→ **TASK DESCRIPTION**:
Please repeat every entry exactly as given, apart from dropping the images.

→ **Short descriptive text snippets**:
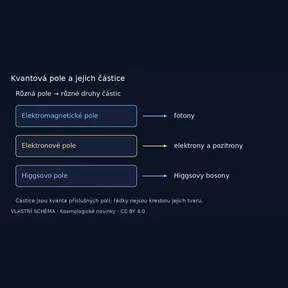 Kvantová pole a jejich částice – vlastní vysvětlující schéma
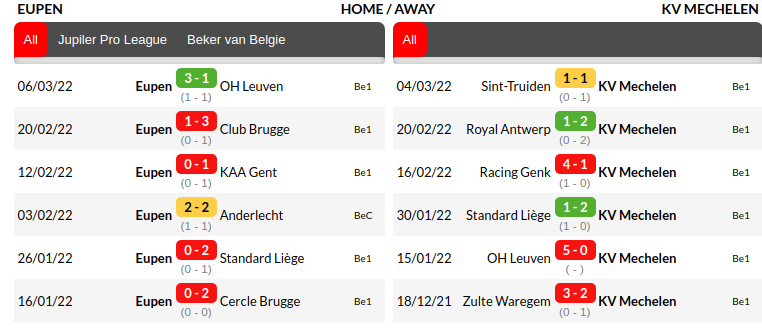 Eupen vs Mechelen Prediction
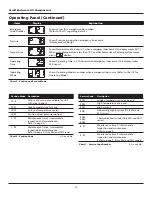 Preview for 10 page of Powerex SED1007 User Manual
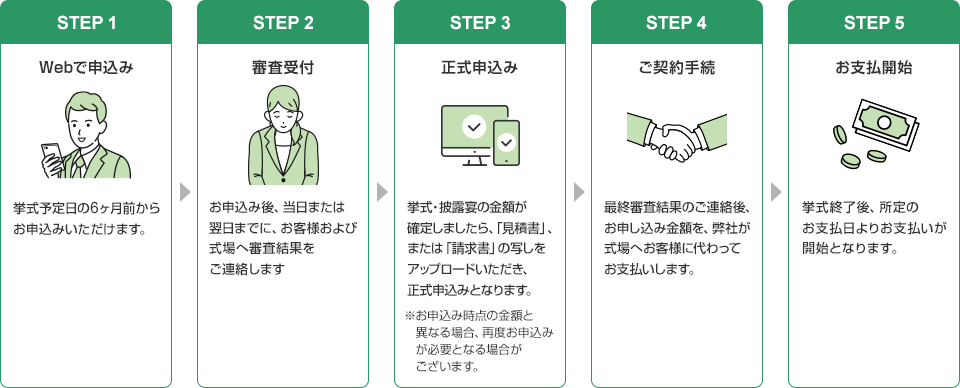 STEP 1 Webで申込み 挙式予定日の6ヶ月前からお申込みいただけます STEP 2 審査受付 お申込み後、当日または翌日までに、お客様および式場へ審査結果をご連絡します STEP 3 正式申込み 挙式・披露宴の金額が確定しましたら、「見積書」、または「請求書」の写しをアップロードいただき、正式申込みとなります ※お申込み時点の金額と異なる場合、再度お申込みが必要となる場合がございます STEP 4 ご契約手続 最終審査結果のご連絡後、お申し込み金額を、弊社が式場へお客様に代わってお支払いします STEP 5 お支払開始 挙式終了後、所定のお支払日よりお支払いが開始となります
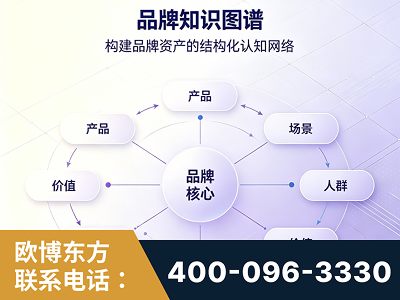 日照-品牌知识图谱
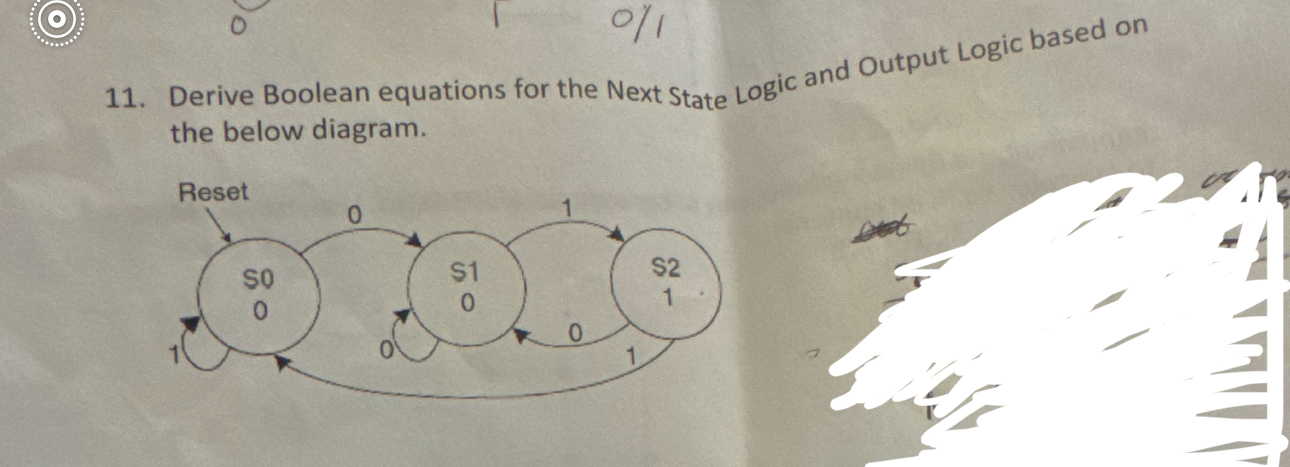 Solved 11. ﻿Derive Boolean equations for the Next State | Chegg.com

→ **OUTPUT OF THE TASK**:
 Kvantová pole a jejich částice – vlastní vysvětlující schéma
 Eupen vs Mechelen Prediction
 Preview for 10 page of Powerex SED1007 User Manual
 STEP 1 Webで申込み 挙式予定日の6ヶ月前からお申込みいただけます STEP 2 審査受付 お申込み後、当日または翌日までに、お客様および式場へ審査結果をご連絡します STEP 3 正式申込み 挙式・披露宴の金額が確定しましたら、「見積書」、または「請求書」の写しをアップロードいただき、正式申込みとなります ※お申込み時点の金額と異なる場合、再度お申込みが必要となる場合がございます STEP 4 ご契約手続 最終審査結果のご連絡後、お申し込み金額を、弊社が式場へお客様に代わってお支払いします STEP 5 お支払開始 挙式終了後、所定のお支払日よりお支払いが開始となります
 日照-品牌知识图谱
 Solved 11. ﻿Derive Boolean equations for the Next State | Chegg.com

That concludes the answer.